Data>
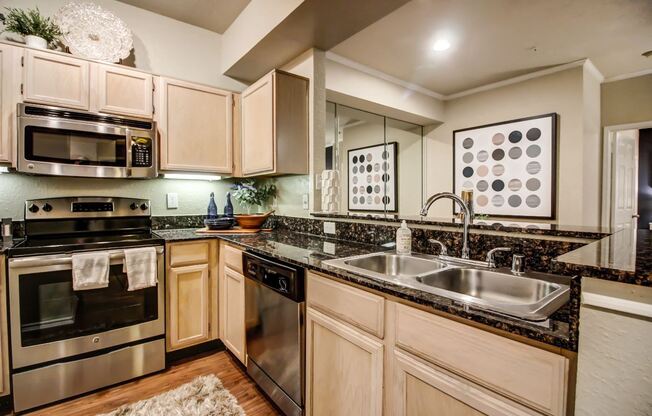 Stunning kitchen with hardwood style flooring, light colored cabinetry and stainless steel appliances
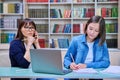 Female university student with teacher preparing for exam, inside library Royalty Free Stock Photo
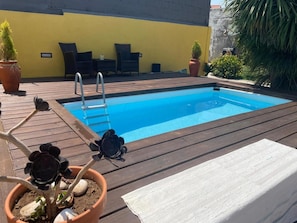 Una piscina con cubierta de madera, rodeada de plantas en macetas y mobiliario de exterior.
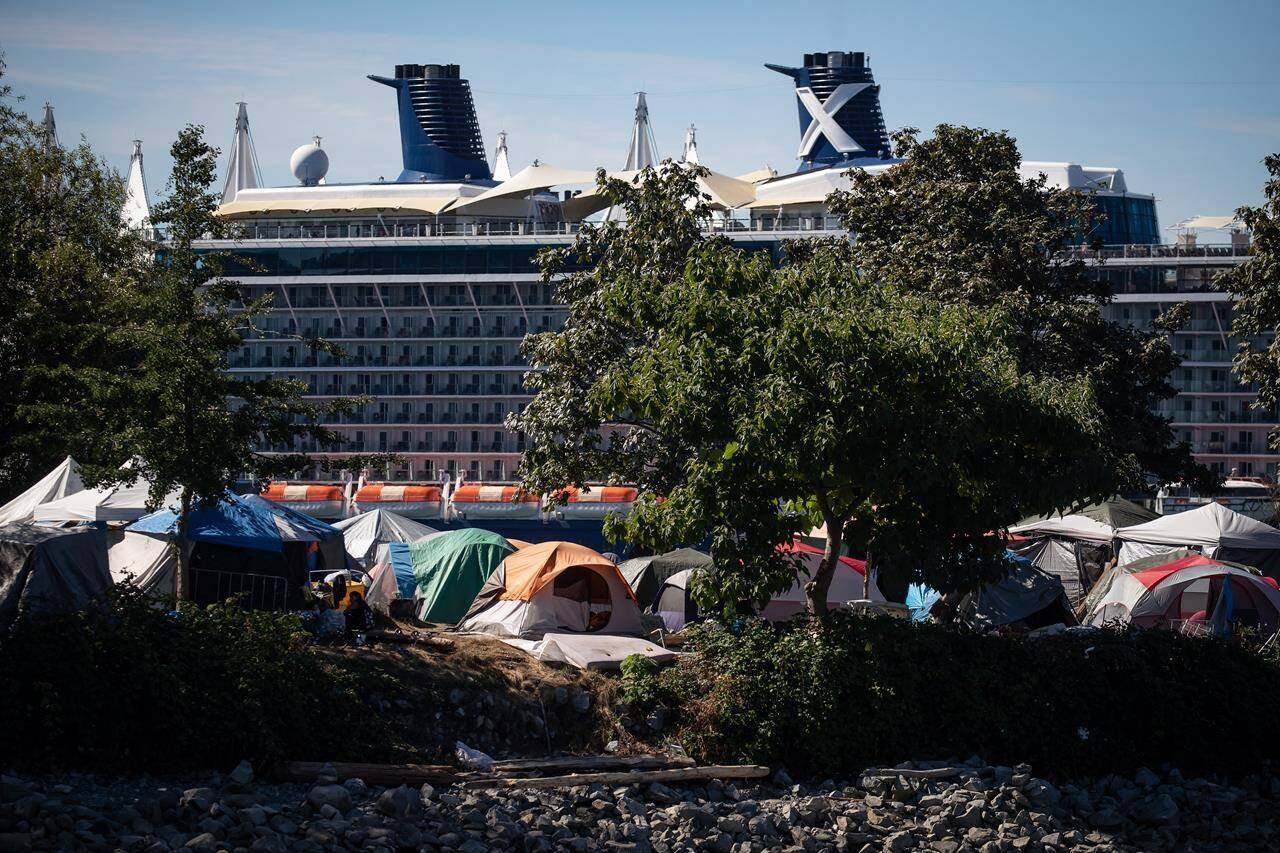 B.C. Human Rights Tribunal will hear a complaint from those who camp at Crab Park and allege the City of Vancouver and its park board discriminate against them by not providing “basic survival services.” Tents and people are seen at a homeless encampment at Crab Park as the Celebrity Cruises vessel Celebrity Eclipse is docked at port in Vancouver, B.C., Sunday, Aug. 14, 2022. THE CANADIAN PRESS/Darryl Dyck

Instructions to follow> As you output the material, omit the pictures but alter nothing else.

Solution>
 Stunning kitchen with hardwood style flooring, light colored cabinetry and stainless steel appliances
 Female university student with teacher preparing for exam, inside library Royalty Free Stock Photo
 Una piscina con cubierta de madera, rodeada de plantas en macetas y mobiliario de exterior.
 B.C. Human Rights Tribunal will hear a complaint from those who camp at Crab Park and allege the City of Vancouver and its park board discriminate against them by not providing “basic survival services.” Tents and people are seen at a homeless encampment at Crab Park as the Celebrity Cruises vessel Celebrity Eclipse is docked at port in Vancouver, B.C., Sunday, Aug. 14, 2022. THE CANADIAN PRESS/Darryl Dyck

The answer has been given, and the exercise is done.